■ Material provided

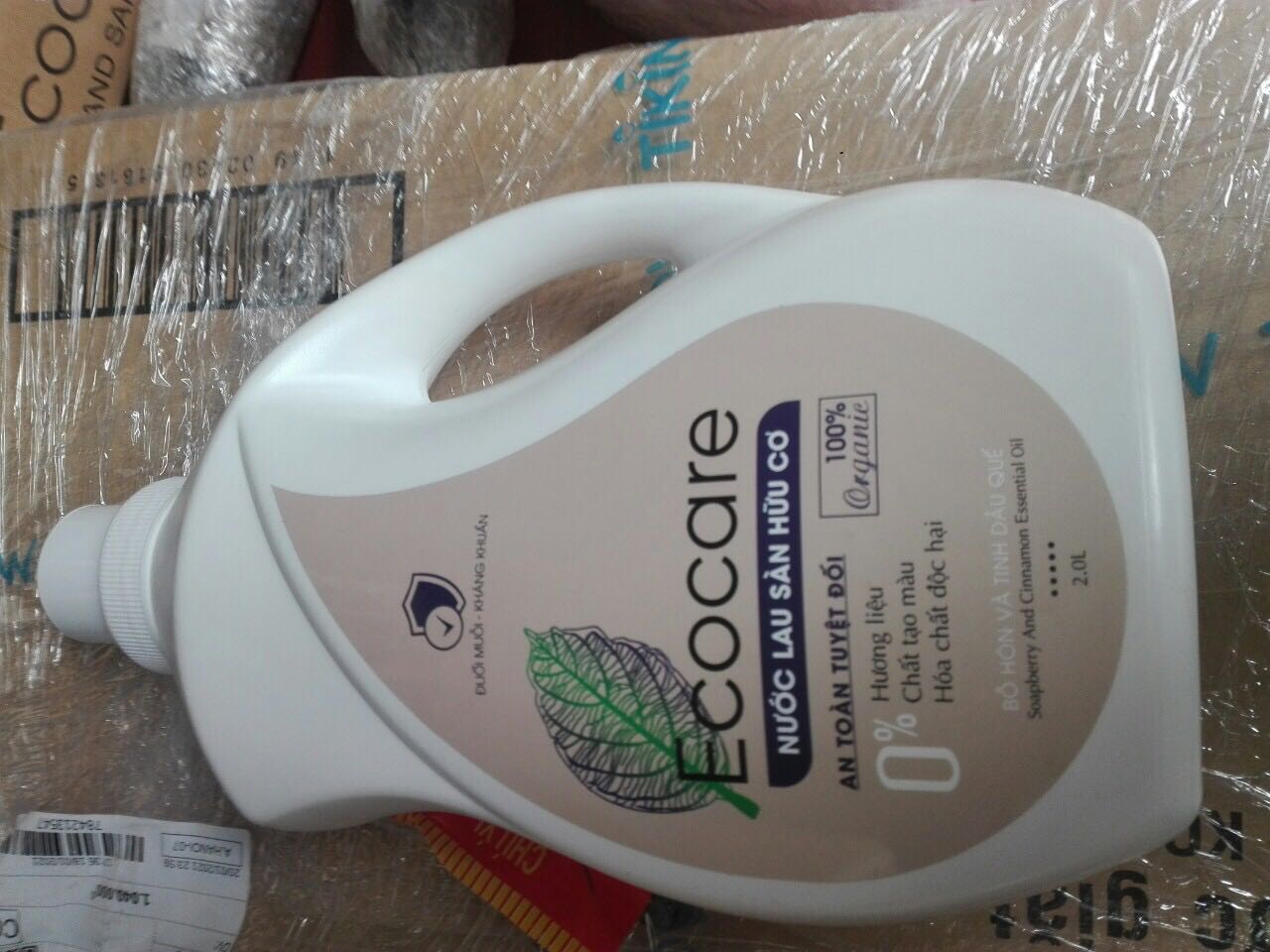 Mở chai ra thấy mùi quế thơm tự nhiên. Nước lau sàn dạng sánh lỏng chứ không phải dạng loãng như các dòng hữu cơ khác nên dùng sẽ tiết kiệm hơn. Lau nhà xong vẫn thấy mùi quế thơm thoang thoảng và đỡ muỗi, ruồi hẳn.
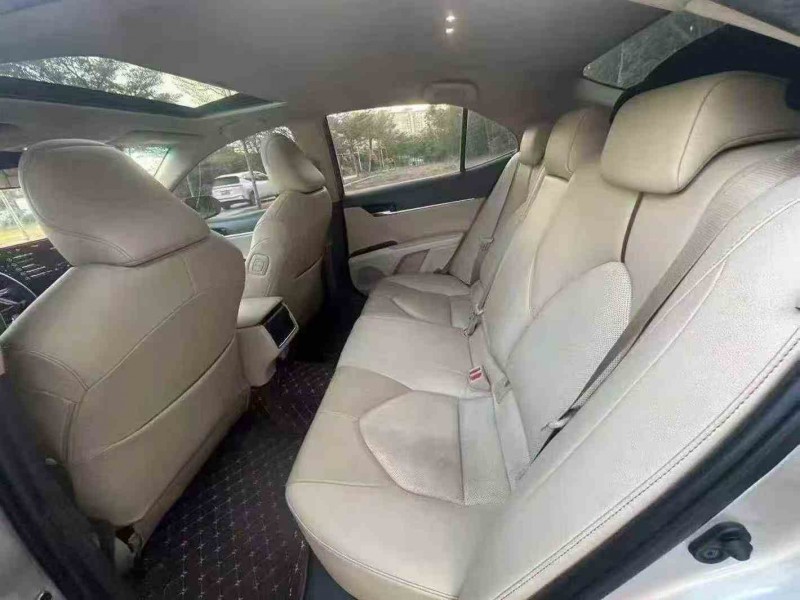 深圳22年丰田凯美瑞7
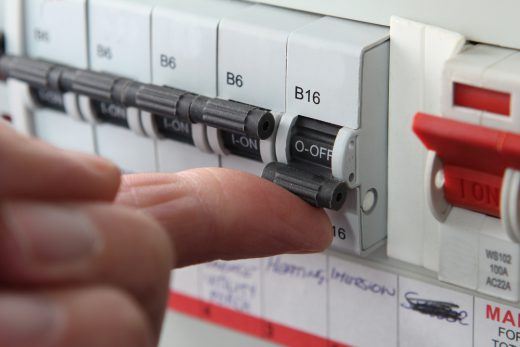 Wie sich eine bestandene DGUV V3 Prüfung positiv auf die Betriebssicherheit auswirkt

■ What you need to do
Transcribe the listing above verbatim. Omit the pictures.

■ Task output
 Mở chai ra thấy mùi quế thơm tự nhiên. Nước lau sàn dạng sánh lỏng chứ không phải dạng loãng như các dòng hữu cơ khác nên dùng sẽ tiết kiệm hơn. Lau nhà xong vẫn thấy mùi quế thơm thoang thoảng và đỡ muỗi, ruồi hẳn.
 深圳22年丰田凯美瑞7
 Wie sich eine bestandene DGUV V3 Prüfung positiv auf die Betriebssicherheit auswirkt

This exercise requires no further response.